H-2 visas were created to allow workers from other nations to come to the United States for short periods to take on temporary jobs such as picking seasonal crops, cooking at summer resorts or working as ski instructors.
The visas restrict holders from doing work beyond what is explicitly approved by the federal government
``Whether it's one hour or 40 hours a week, it was considered employment,'' said Don Ungar, a San Francisco attorney who has practiced immigration law since 1962. ``That would be considered a violation of your status, and he would have been subject to deportation.''
Arnold would have been "subject to deportation", a violator of US immigration laws.
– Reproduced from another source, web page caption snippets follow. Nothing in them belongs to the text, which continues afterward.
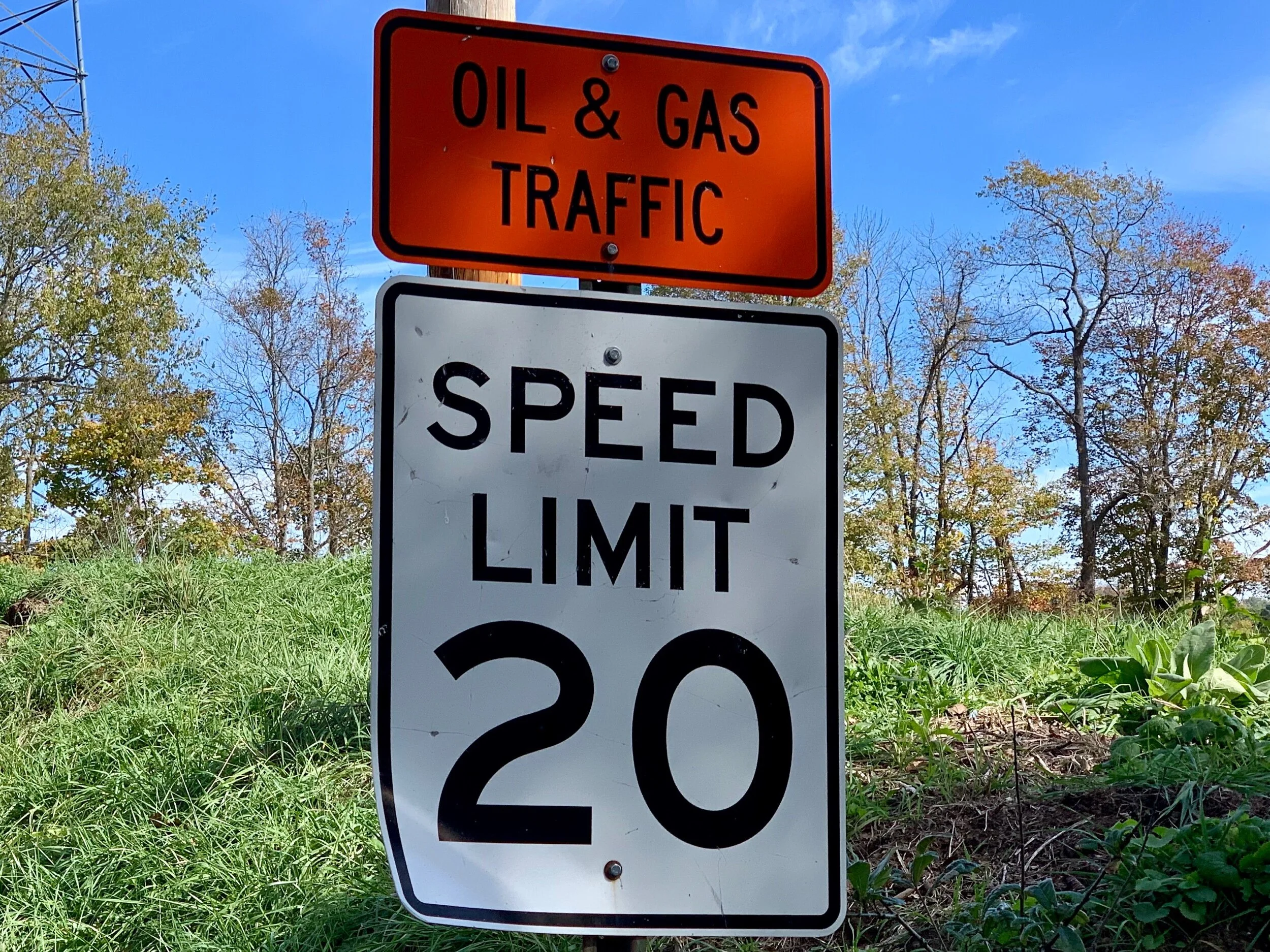 Some new driving jobs have been created in the Ohio River Valley in the last decade as fracking has expanded. That said, isn’t all traffic (except for electric vehicles powered by renewables) essentially “oil and gas traffic”?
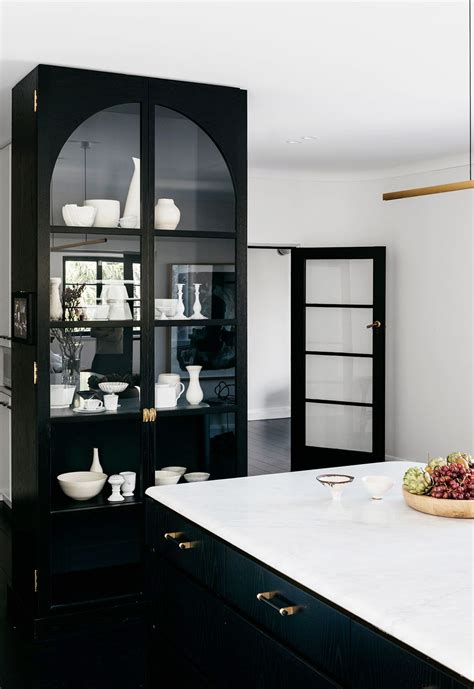 We will explore 9 modern farmhouse interior design ideas, see pretty examples of it, score home decor and furniture suggestions, and begin a discussion of the topic. Modern Farmhouse Kitchen Black Cabinets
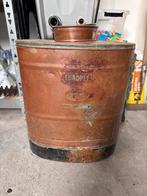 Antieke Koperen Emmer "Europeen", Antiek en Kunst, Ophalen of Verzenden, Koper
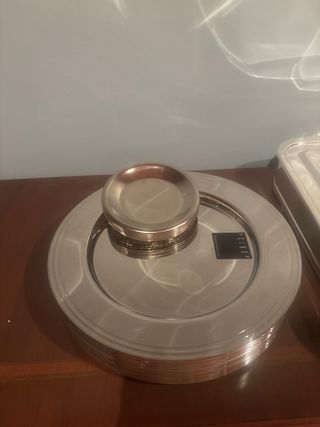 Elegante juego de decoración de mesa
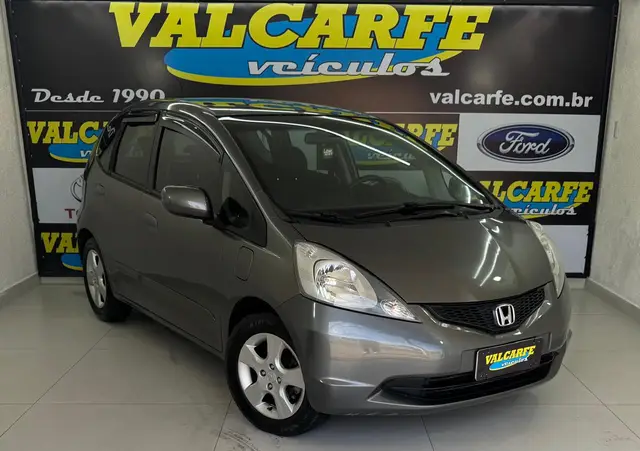 Carro Honda Fit 2009 New  LX 1.4 (flex)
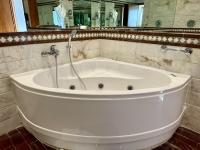 Koupelna v ubytování Tunis Grand Hotel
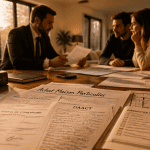 allintitle:acheter une maison construite par un particulier, salon, documents officiels, notaire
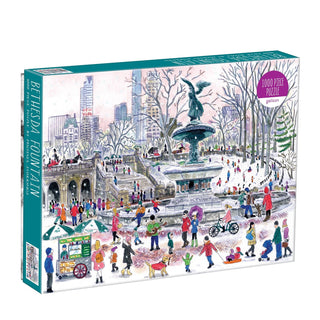 Michael Storrings Bethesda Fountain | 1,000 Piece Jigsaw Puzzle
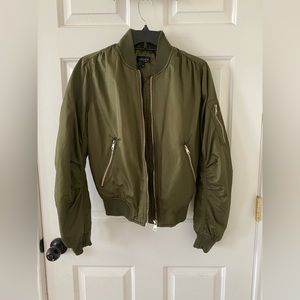 Topshop Bomber Jacket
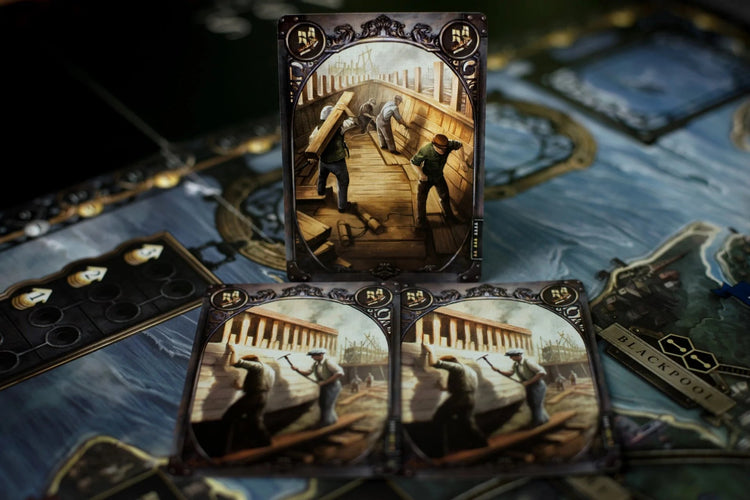 Brass Lancashire Deluxe - Gaming Library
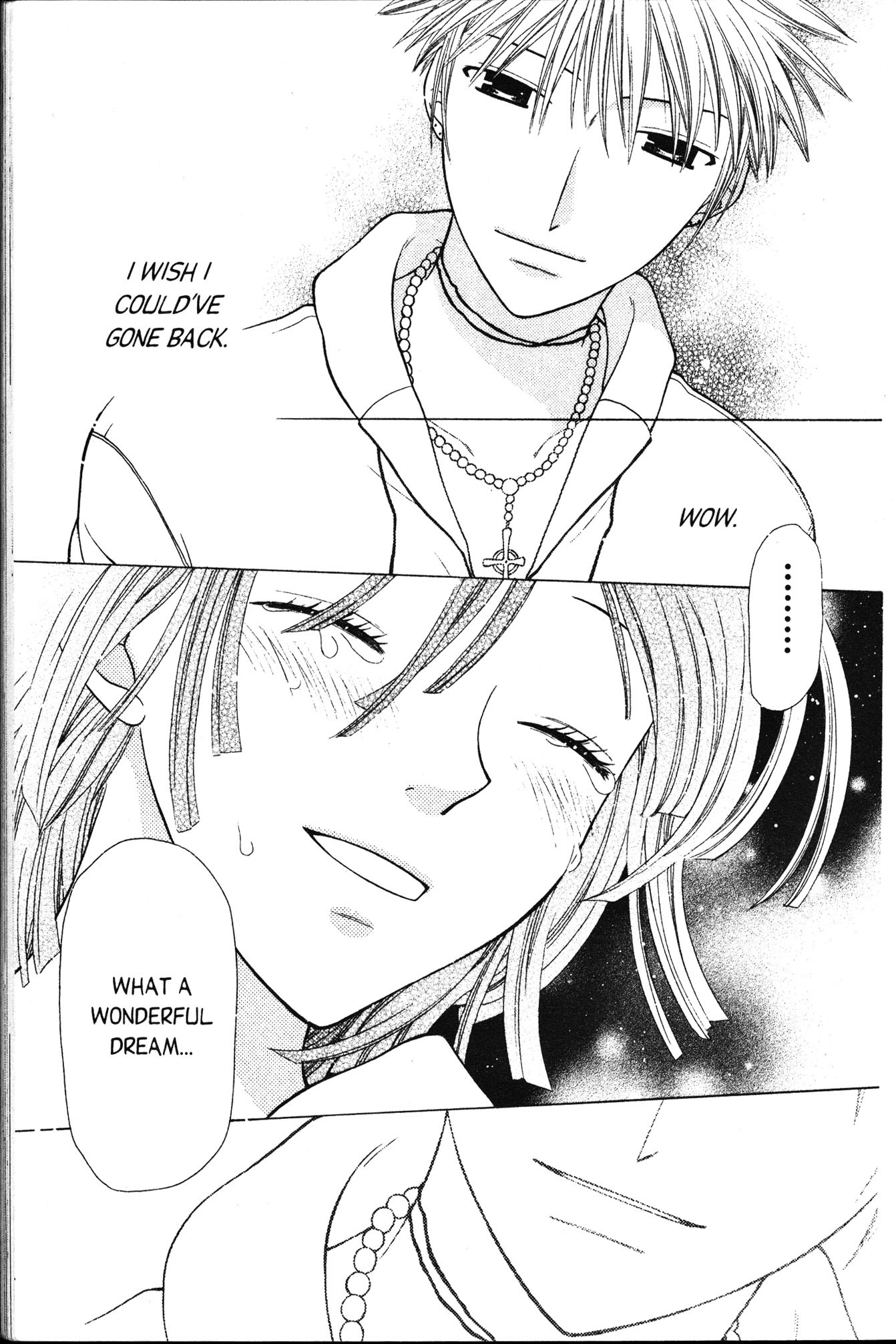 Halaman dari Fruits Basket Chapter 106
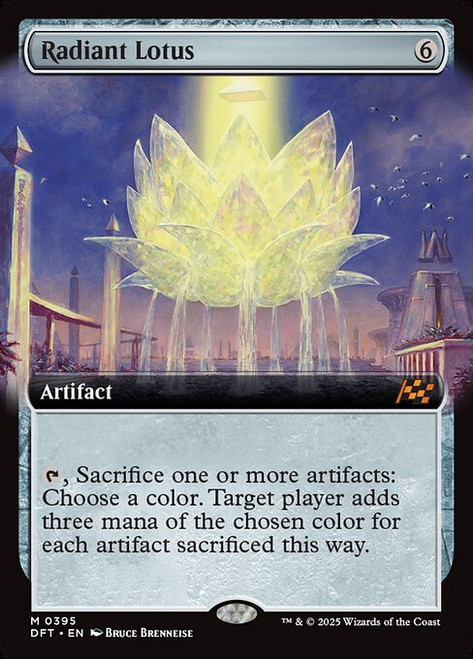 Radiant Lotus (DFT) (Extended Art) (#395)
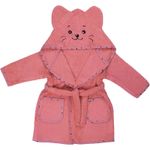 Halat de baie cu urechi Kitty, Bubaba, 9 - 24 luni, Marime 86/92, Pink fotografia produsului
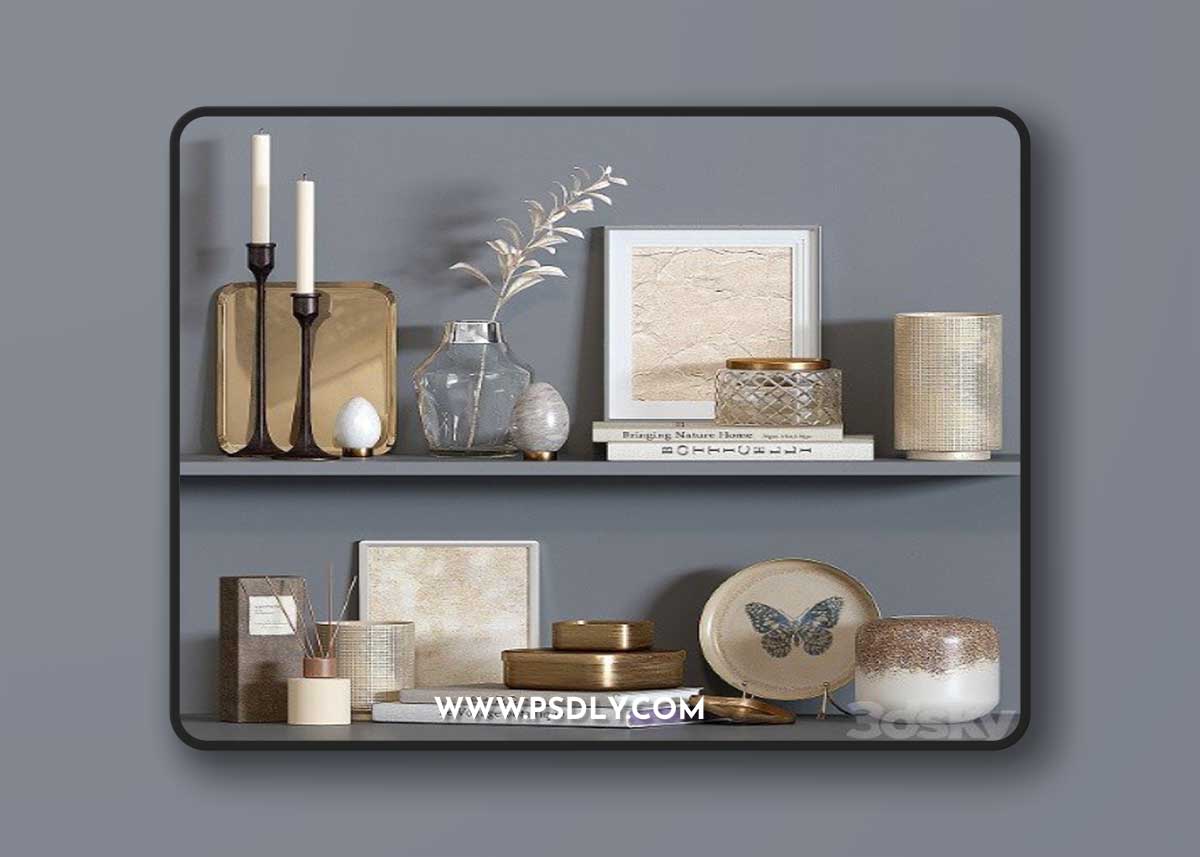 Decorative Set ZARA HOME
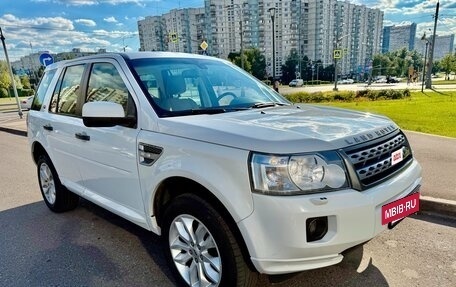 Land Rover Freelander II рестайлинг 2, 2012 год, 1 595 000 рублей, 4 фотография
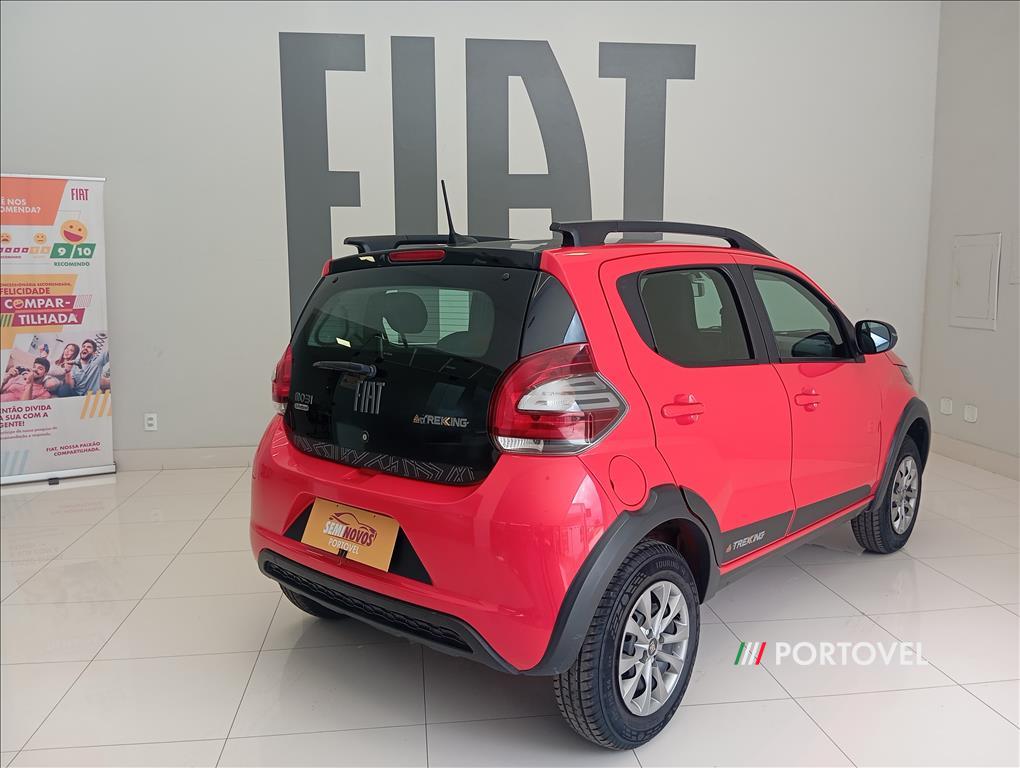 FIAT MOBI 1.0 EVO FLEX TREKKING MANUAL 2021/2022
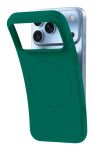 LAUT HUEX SLIM case for iPhone 18 Pro PINE GREEN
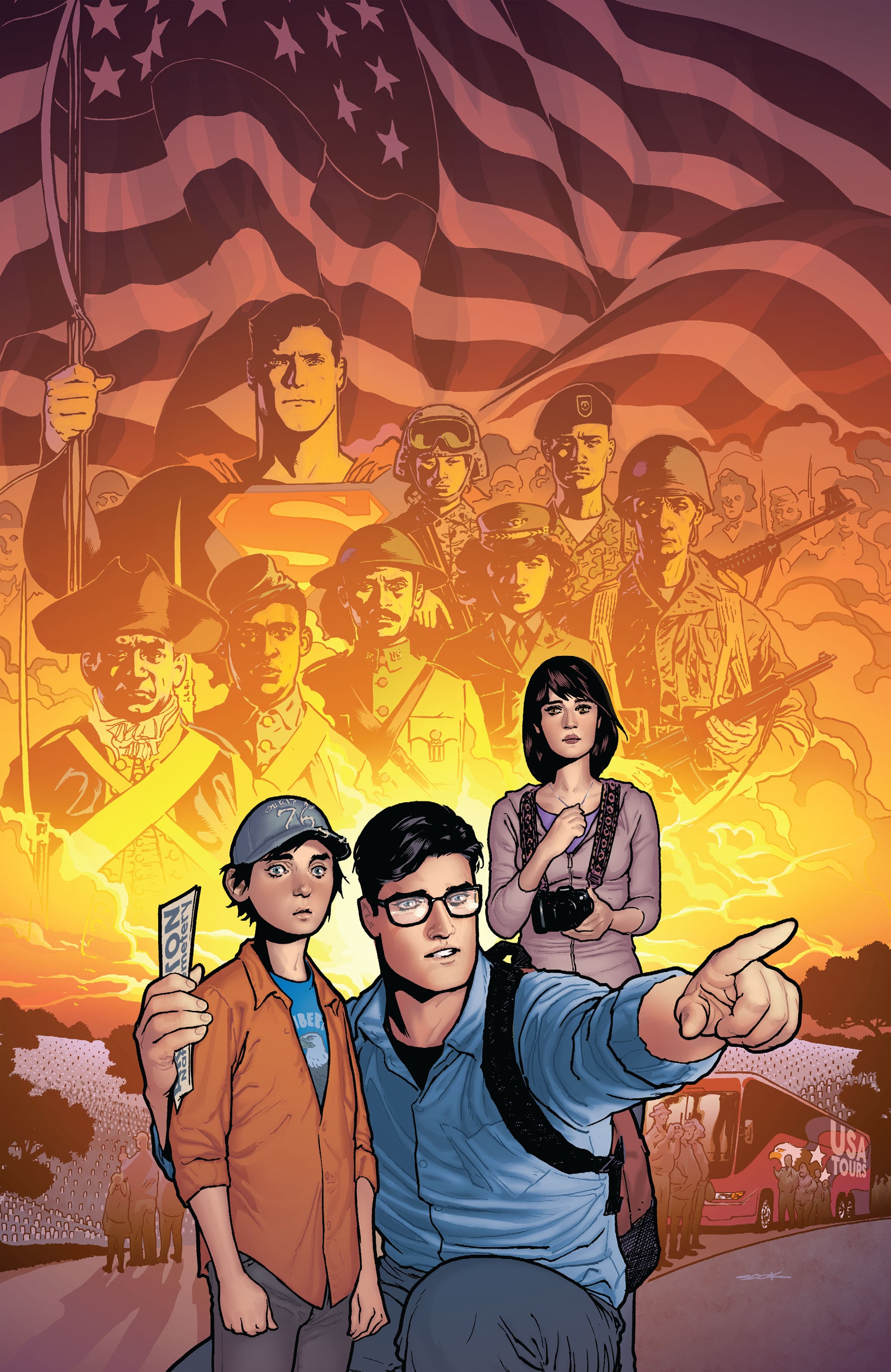 Read online Superman: Rebirth Deluxe Edition comic -  Issue # TPB 3 (Part 1) - 26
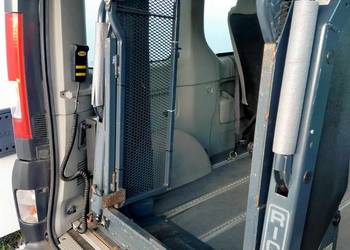 SPRZEDAM windę załadowczą marki RICON na wózek inwalidzki stan bdb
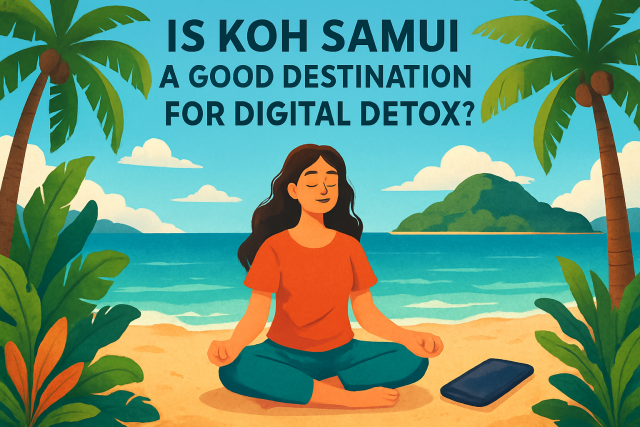 Is Koh Samui a Good Destination for Digital Detox?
But that's not how Arnold now tells the story:
"People like myself waited for 15 years after I came to this country - legally - to get citizenship," Schwarzenegger said recently on talk radio.
"So I find it unfair to push the whole thing of undocumented immigrants and to say, `Well, you know they should just get their citizenship because they're coming in.'"
Perhaps Mr. Sensenbrenner or Mr. Tancredo would like to explain how it is that the current Governor of California is not an "illegal alien" who has broken the laws of this country and skipped ahead of millions of "good immigrants" who have "played by the rules" to become legal residents and citizens of this country. Perhaps they could let us know why the rules they are so hell bent on applying to others should not be applied to Mr. Schwazenegger.
For Arnold, like 12 million others ... according to the anti-immigrant Republicans, there can never be any amnesty.
From HR 4437 comes this definition of who is an "illegal alien" who would be guilty of "illegal presence" and therefore a felon.
SEC. 203. IMPROPER ENTRY BY, OR PRESENCE OF, ALIENS
(2) An alien described in this paragraph is an alien who--
(A) enters or attempts to enter the United States at any time or place other than as designated by immigration officers;
(B) eludes examination or inspection by immigration officers;
(C) attempts to enter or obtains entry to the United States by a willfully false or misleading representation or the willful concealment of a material fact; or
(D) is otherwise present in the United States in violation of the immigration laws or the regulations prescribed there under.